**What you should do**
An exact copy, beginning at the line containing "Hình bước làm" and ending at the final line of the records that follow, is the answer; it has no pictures and no other text.

**Input material**

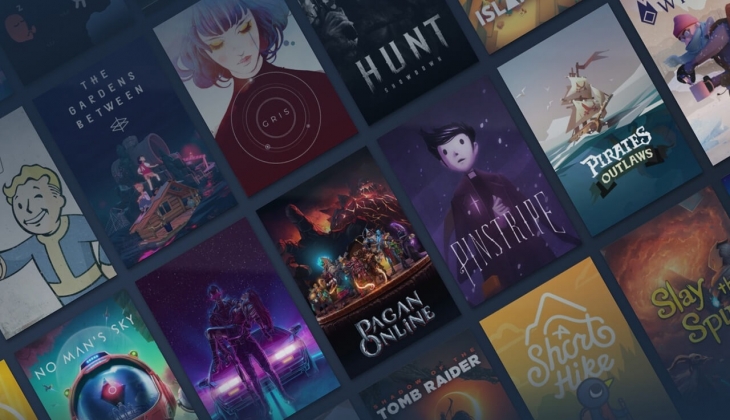 Steam den yüzde 80 indirim! Steam binlerce oyuna indirim yaptı! İşte 25 Nisan 2022 fiyat listesi...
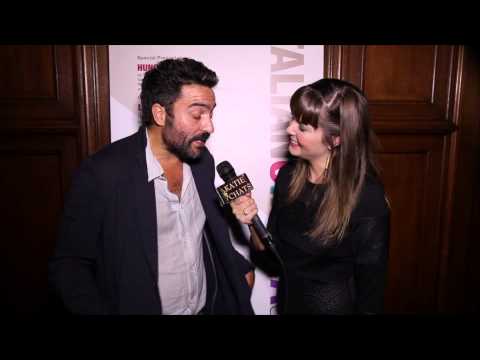 KATIE CHATS: TIFF, SAVERIO COSTANZO, DIRECTOR, HUNGRY HEARTS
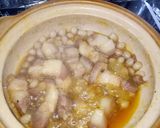 Hình bước làm 4 của món Thịt Heo Kho Đậu Phộng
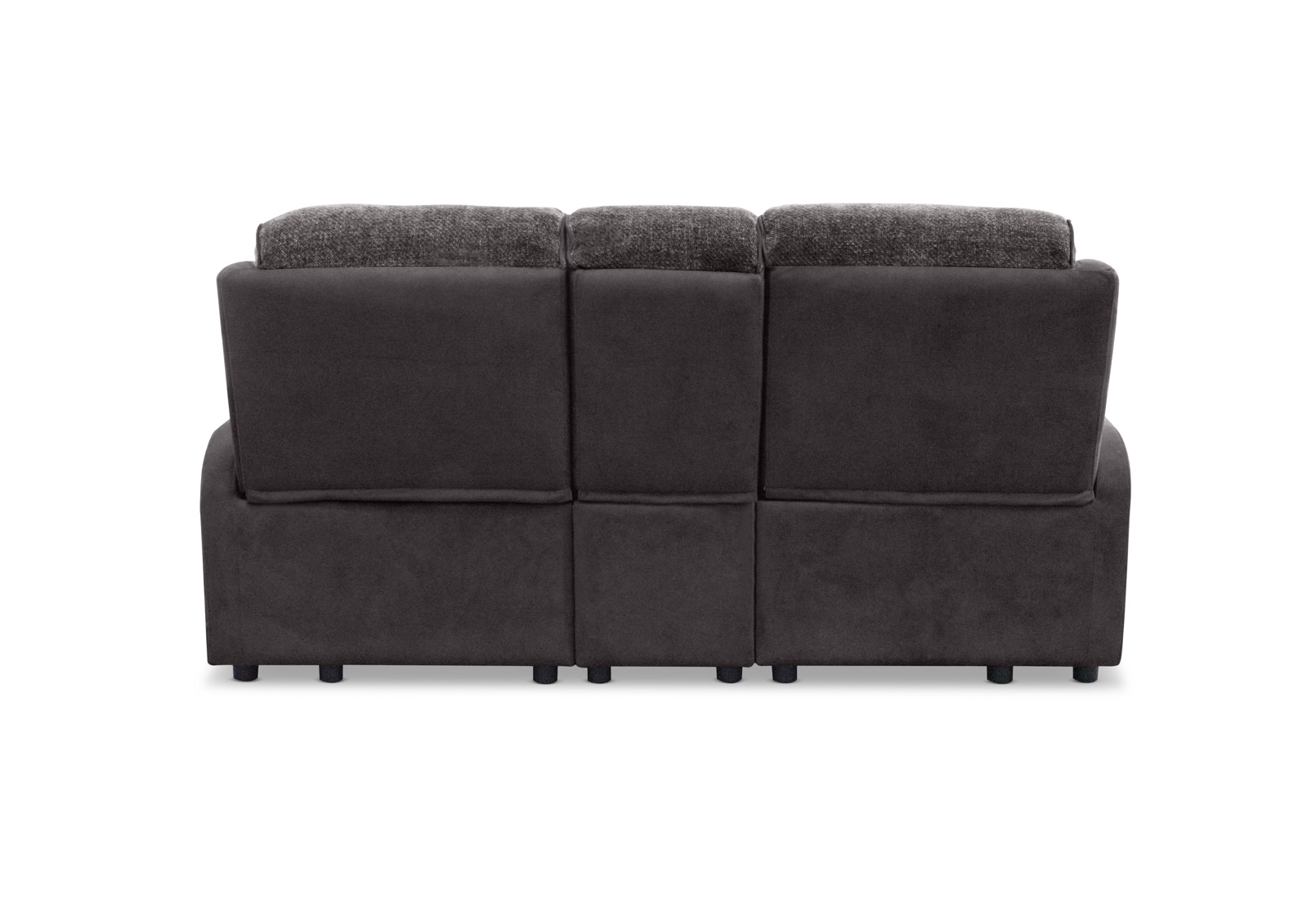 BRIXTON FABRIC 2 Seater Electric Recliner with Console MTO – image 5 of 13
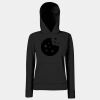 Women's Classic 80/20 hooded sweatshirt Thumbnail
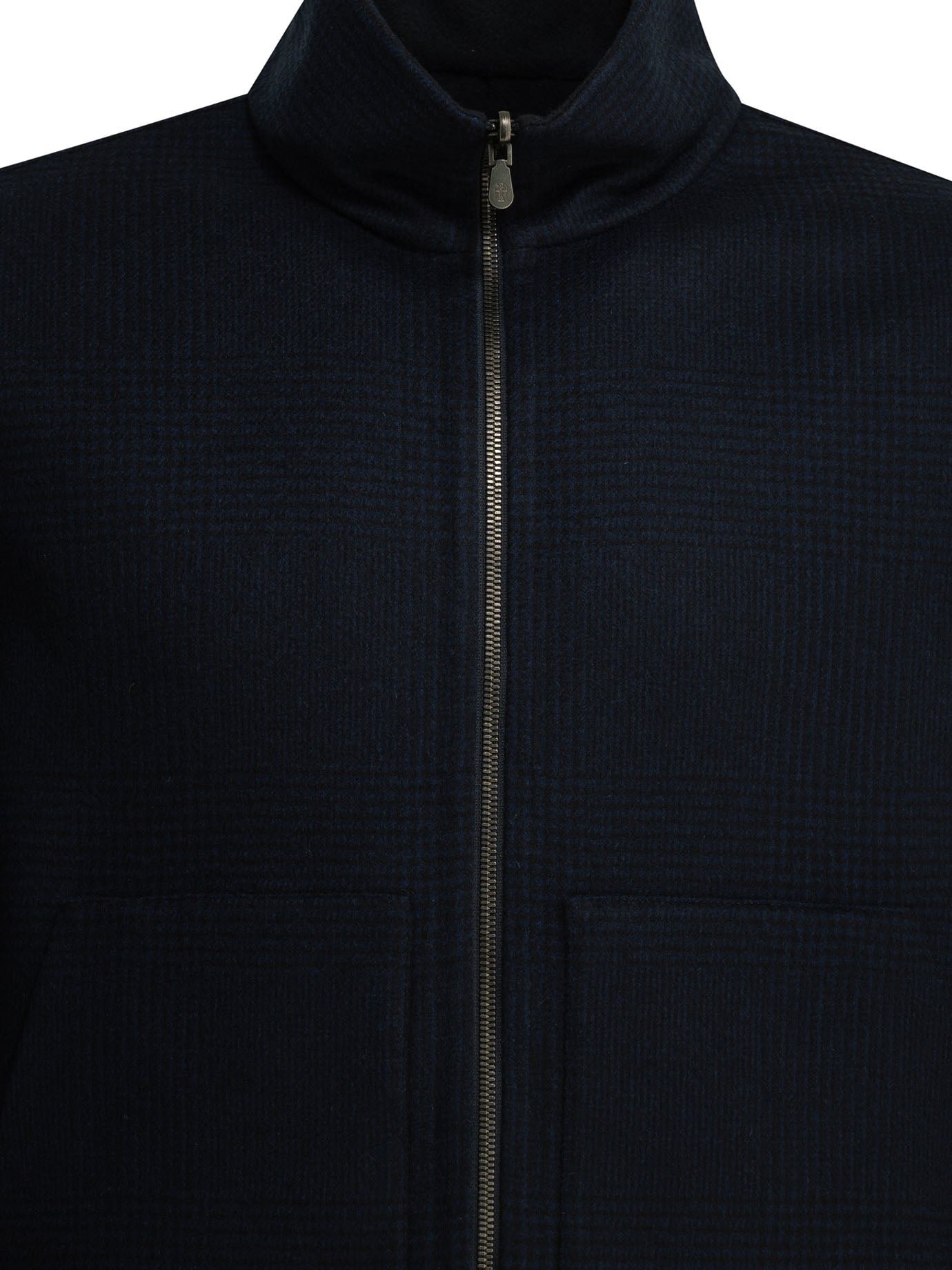 Cashmere bomber jacket Jackets and Coats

**Written solution**
 Hình bước làm 4 của món Thịt Heo Kho Đậu Phộng
 BRIXTON FABRIC 2 Seater Electric Recliner with Console MTO – image 5 of 13
 Women's Classic 80/20 hooded sweatshirt Thumbnail
 Cashmere bomber jacket Jackets and Coats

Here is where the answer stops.